EXERCISE BRIEF: Return the stretch from the line with "Raw Essentials yeast" through the line with "Renault Scénic (2012) thumbnail 6" in the data below, character for character, skipping all pictures.

EXERCISE INPUTS:
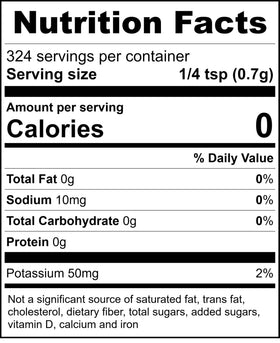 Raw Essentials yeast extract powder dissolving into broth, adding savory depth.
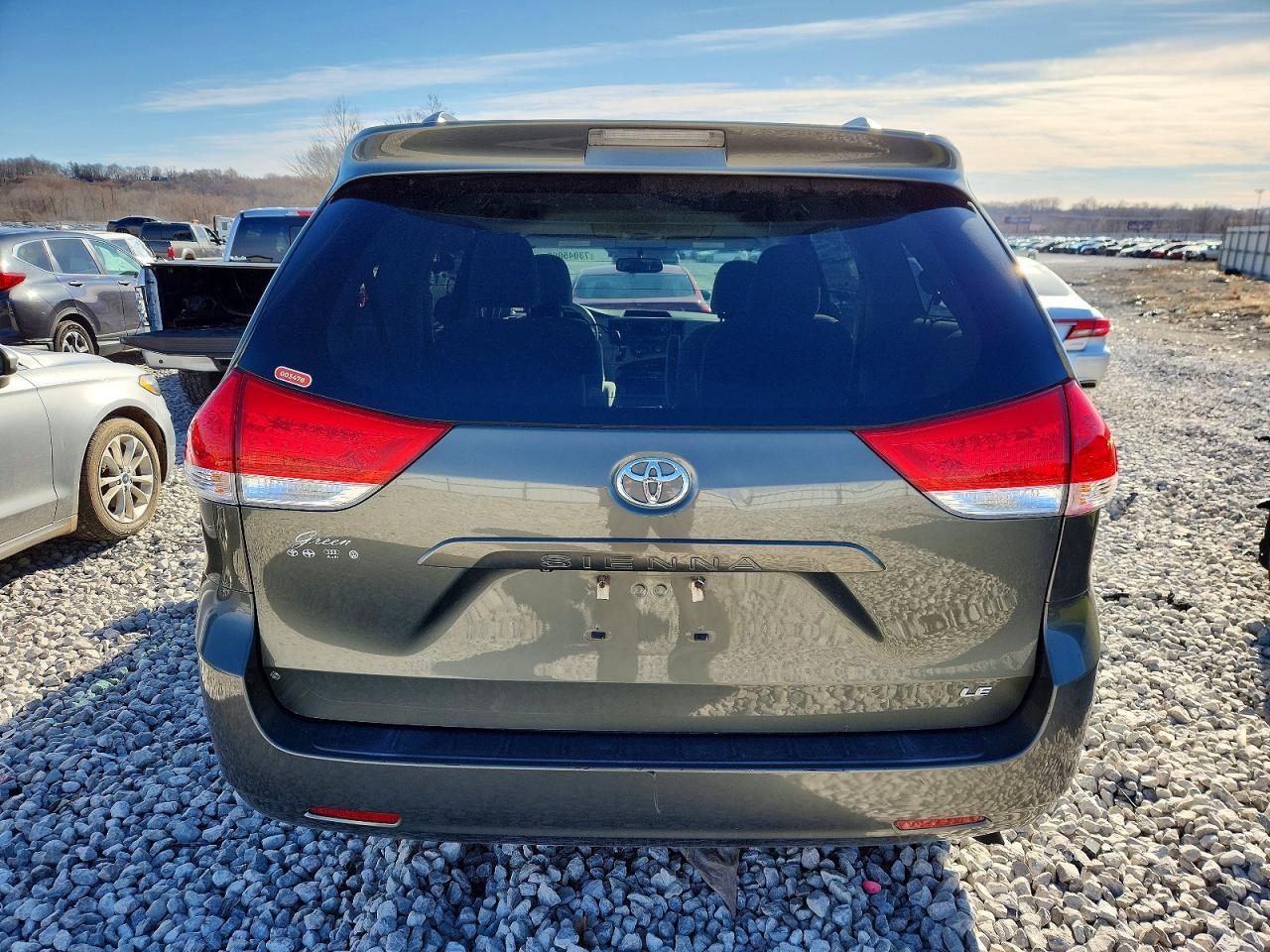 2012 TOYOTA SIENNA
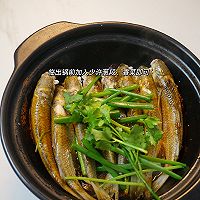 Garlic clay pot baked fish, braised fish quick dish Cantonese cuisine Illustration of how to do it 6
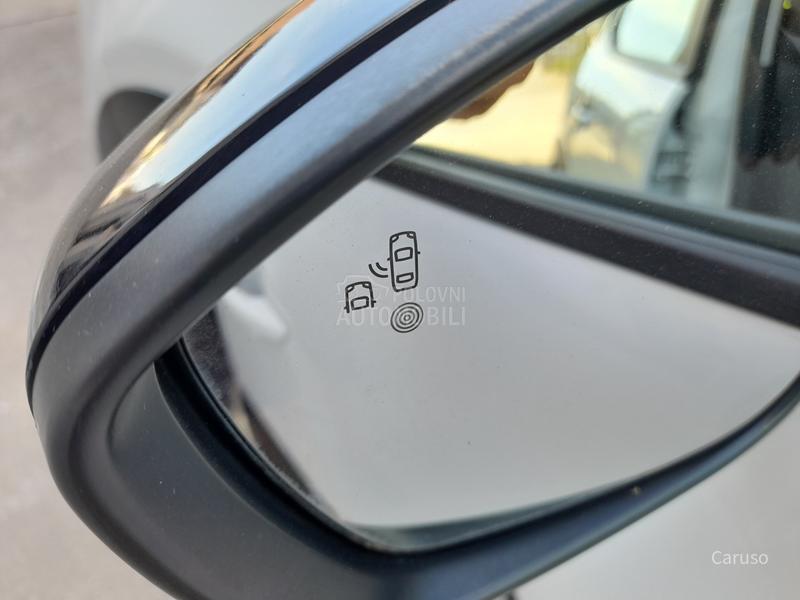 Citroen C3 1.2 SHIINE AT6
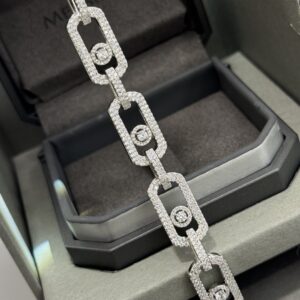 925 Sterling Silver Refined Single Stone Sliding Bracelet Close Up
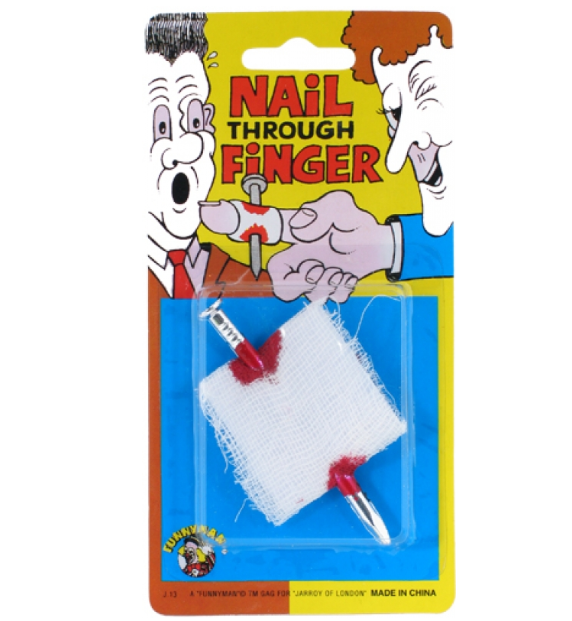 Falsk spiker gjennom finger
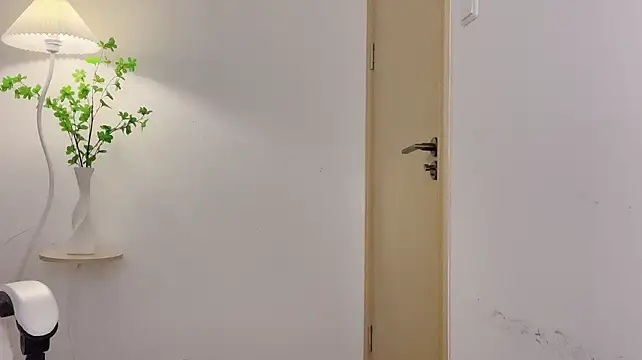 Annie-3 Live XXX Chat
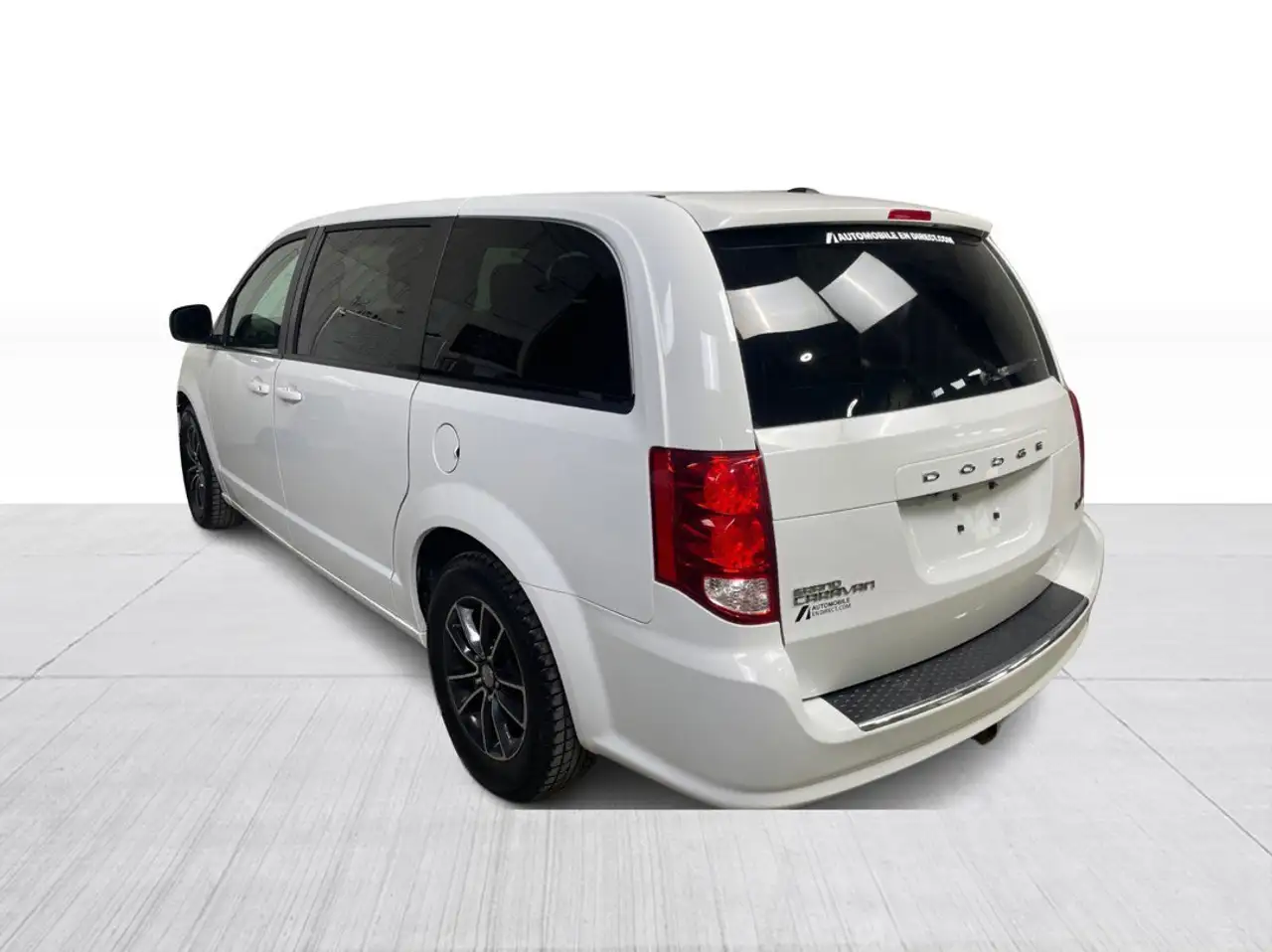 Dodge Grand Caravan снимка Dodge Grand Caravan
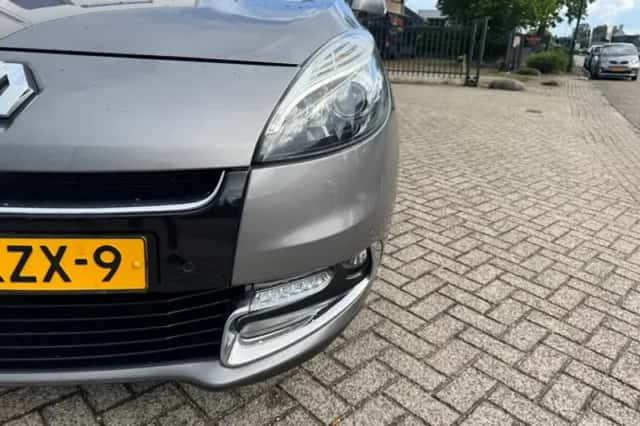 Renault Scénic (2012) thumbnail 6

==

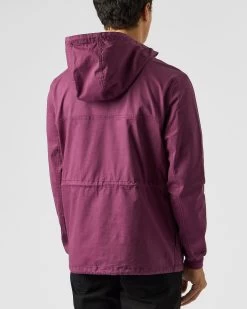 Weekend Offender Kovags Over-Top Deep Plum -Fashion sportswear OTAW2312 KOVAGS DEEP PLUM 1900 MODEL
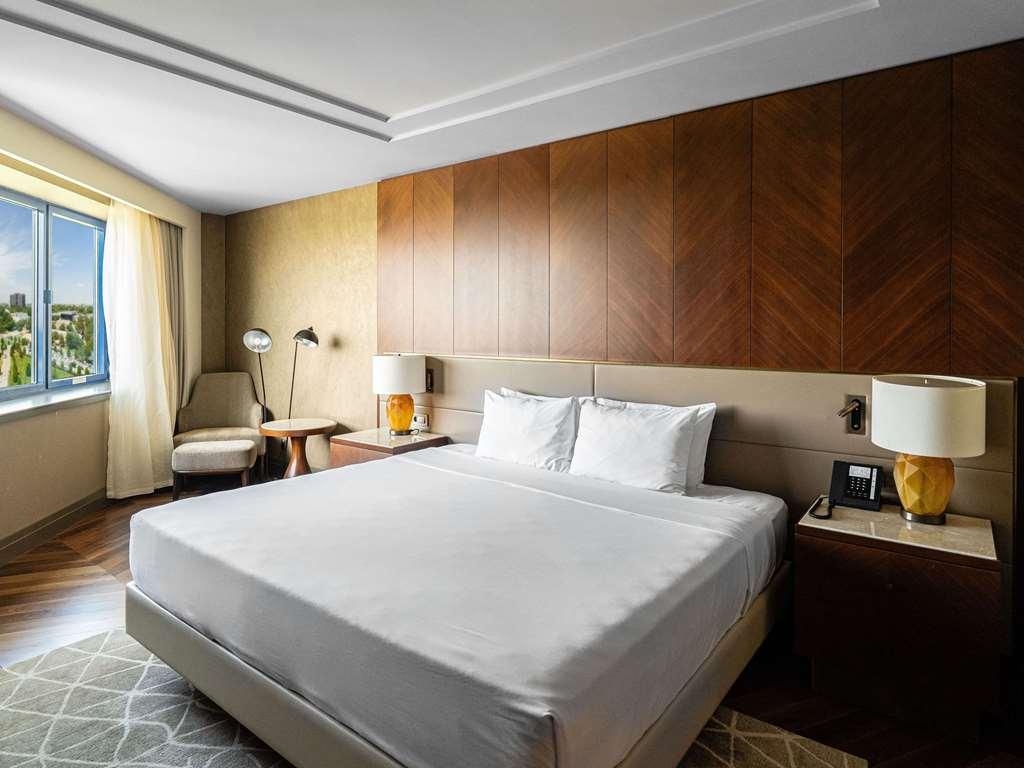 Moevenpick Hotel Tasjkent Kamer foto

* * *

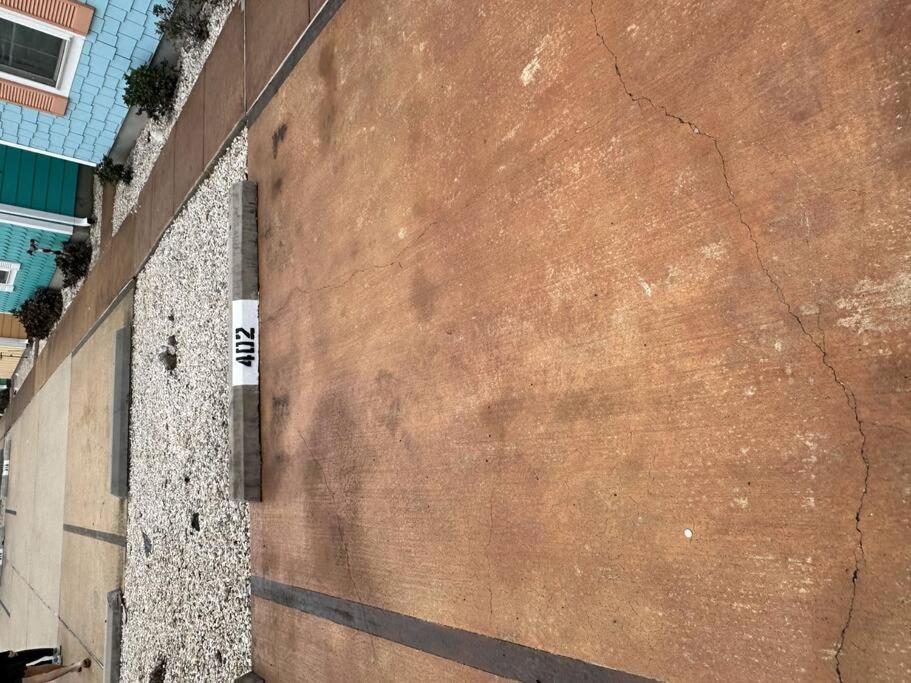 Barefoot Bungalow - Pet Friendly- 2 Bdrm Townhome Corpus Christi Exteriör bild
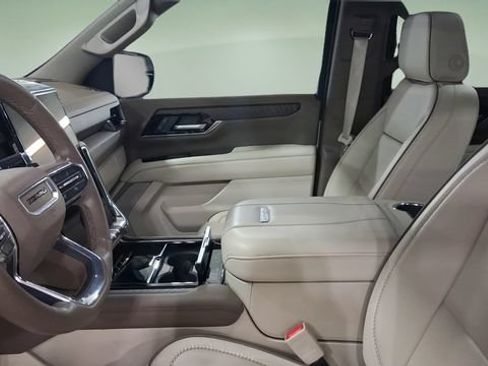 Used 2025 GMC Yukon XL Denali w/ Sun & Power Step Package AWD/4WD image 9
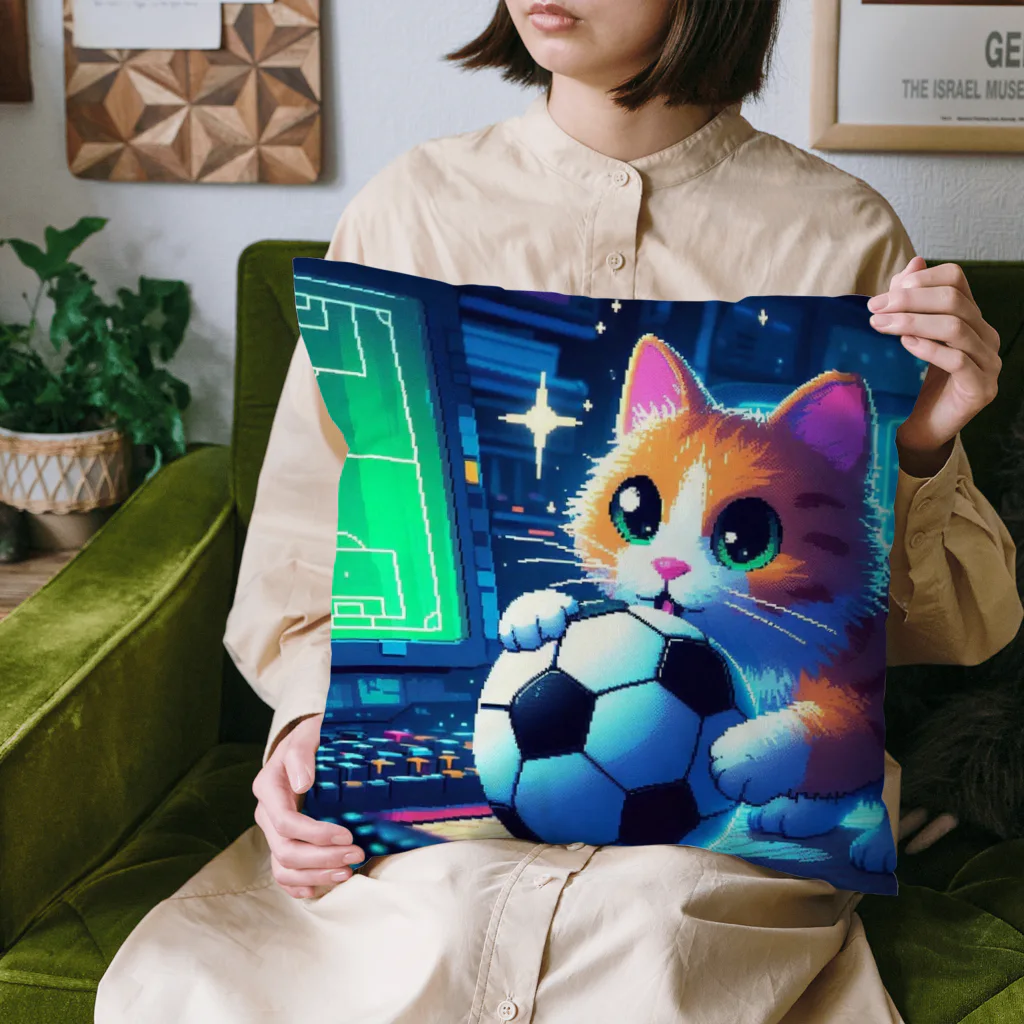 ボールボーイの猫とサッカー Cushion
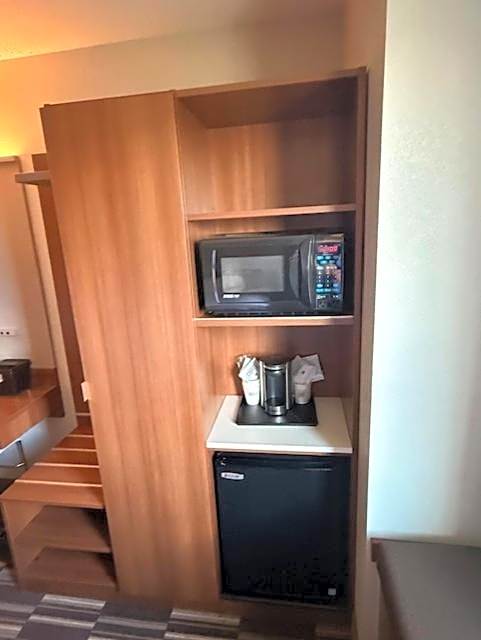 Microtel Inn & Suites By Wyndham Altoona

YOUR SOLUTION:
 Raw Essentials yeast extract powder dissolving into broth, adding savory depth.
 2012 TOYOTA SIENNA
 Garlic clay pot baked fish, braised fish quick dish Cantonese cuisine Illustration of how to do it 6
 Citroen C3 1.2 SHIINE AT6
 925 Sterling Silver Refined Single Stone Sliding Bracelet Close Up
 Falsk spiker gjennom finger
 Annie-3 Live XXX Chat
 Dodge Grand Caravan снимка Dodge Grand Caravan
 Renault Scénic (2012) thumbnail 6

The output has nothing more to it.